La novela Los días perfectos, de Jacobo Bergareche, arranca con unas palabras de Abderramán III que, según he podido averiguar, el califa escribió cuando tenía setenta años y estaba en su lecho de muerte. En dicho texto, el gobernante repasa brevemente sus más de cincuenta años de reinado, da cuenta del amor de sus súbditos y el respeto de sus enemigos, de las riquezas, el poder y los honores que ha alcanzado; una existencia, en definitiva, que colmaría las aspiraciones de cualquier mortal. Pero la admiración suscitada por tan glorioso balance queda congelada ante la afirmación que lo remata: «En este predicamento, conté diligentemente los días de pura y genuina felicidad que me tocaron: ascienden a catorce». La cita del monarca andalusí es el prólogo perfecto para la reflexión que realiza Jacobo Bergareche sobre, como reza el título de su novela, «los días perfectos», los que el narrador ha compartido con dos mujeres de intensa —que no necesariamente larga— presencia en su vida, su mujer y su amante. En sendas cartas dirigidas a ellas, el protagonista de Bergareche analiza la esencia de esos días extraordinarios en los que parece que nada falta; esos que, a pesar de no albergar hechos excepcionales, guardan en su interior una felicidad sin fisuras; esos que resultan inexplicables vistos con perspectiva: ¿por qué una simple jornada de playa, una comida no muy atractiva en un restaurante, un viaje lleno de contratiempos pueden ser el ejemplo máximo de la felicidad?

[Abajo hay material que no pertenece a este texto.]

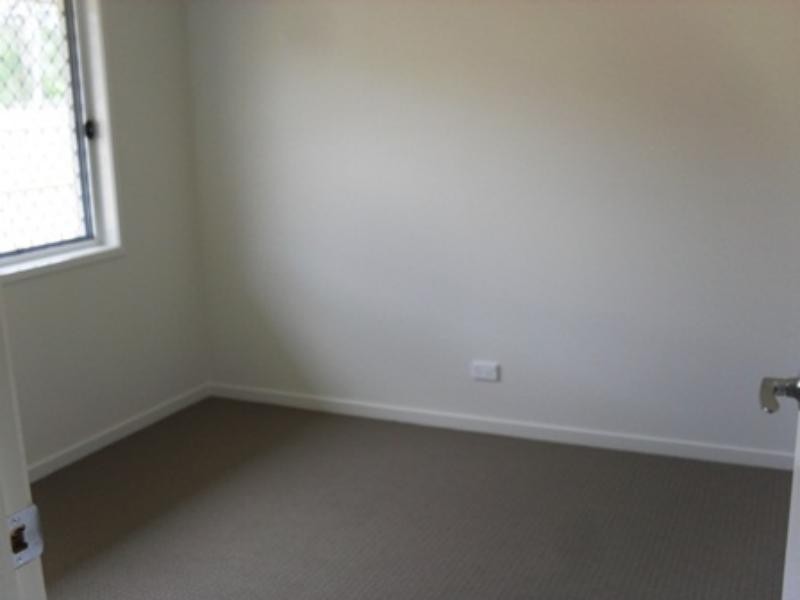 16 Maud St, Bannockburn QLD 4207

Con los ecos de la reflexión de Bergareche aún resonando en mi cabeza, me he adentrado en un ámbito bien distinto, el universo oscuro, inquietante y durísimo creado por Philippe Claudel en su novela El crepúsculo. La acción se sitúa en una población sin importancia en un rincón perdido del imperio austrohúngaro. Un policía con deseos de ascender y poca oportunidad de hacerlo en tan insignificante ubicación se encuentra con el caso de su vida: el asesinato del párroco local. En una comunidad mixta formada por una mayoría cristiana y una minoría musulmana, el inexplicable crimen deriva pronto hacia terrenos atravesados por la intolerancia y el odio al diferente. Claudel es un maestro en la creación de mundos cerrados, alejados de nuestra realidad cotidiana y que, sin embargo, resuenan como fuertes aldabonazos en nuestra conciencia. Pues bien: en medio de esta expresiva recreación de problemas de terrible actualidad, hay un momento luminoso. Lo protagoniza Baraj, el ayudante del policía local, un hombre sencillo que ha sido objeto de malos tratos desde la infancia y que vive apartado de todos, en compañía de una pareja de perros a los que idolatra. Claudel nos lo muestra sentado frente a la chimenea en su humilde vivienda, acariciando el pelaje de sus fieles compañeros y mascando tabaco. De pronto siente que atraviesa su mente una de las preciosas formulaciones poéticas que lo suelen asaltar y que deja escapar tras disfrutarlas apenas unos segundos. Porque Baraj, en su absoluta falta de educación y refinamiento, es un poeta nato. El narrador reflexiona: en ese mismo instante, hechos notables están sucediendo en innumerables puntos del Imperio; se están cerrando acuerdos, se están celebrando fiestas suntuosas en palacios de príncipes, donde elegantes damas y caballeros danzan con despreocupación o se llevan a la boca los manjares más exquisitos… Pero, en contraste con ese deslumbrante despliegue, se nos informa de que «Baraj pensó que era el más feliz de los hombres». Y un poco más adelante, apostilla el narrador: «…sin la menor duda en verdad lo era».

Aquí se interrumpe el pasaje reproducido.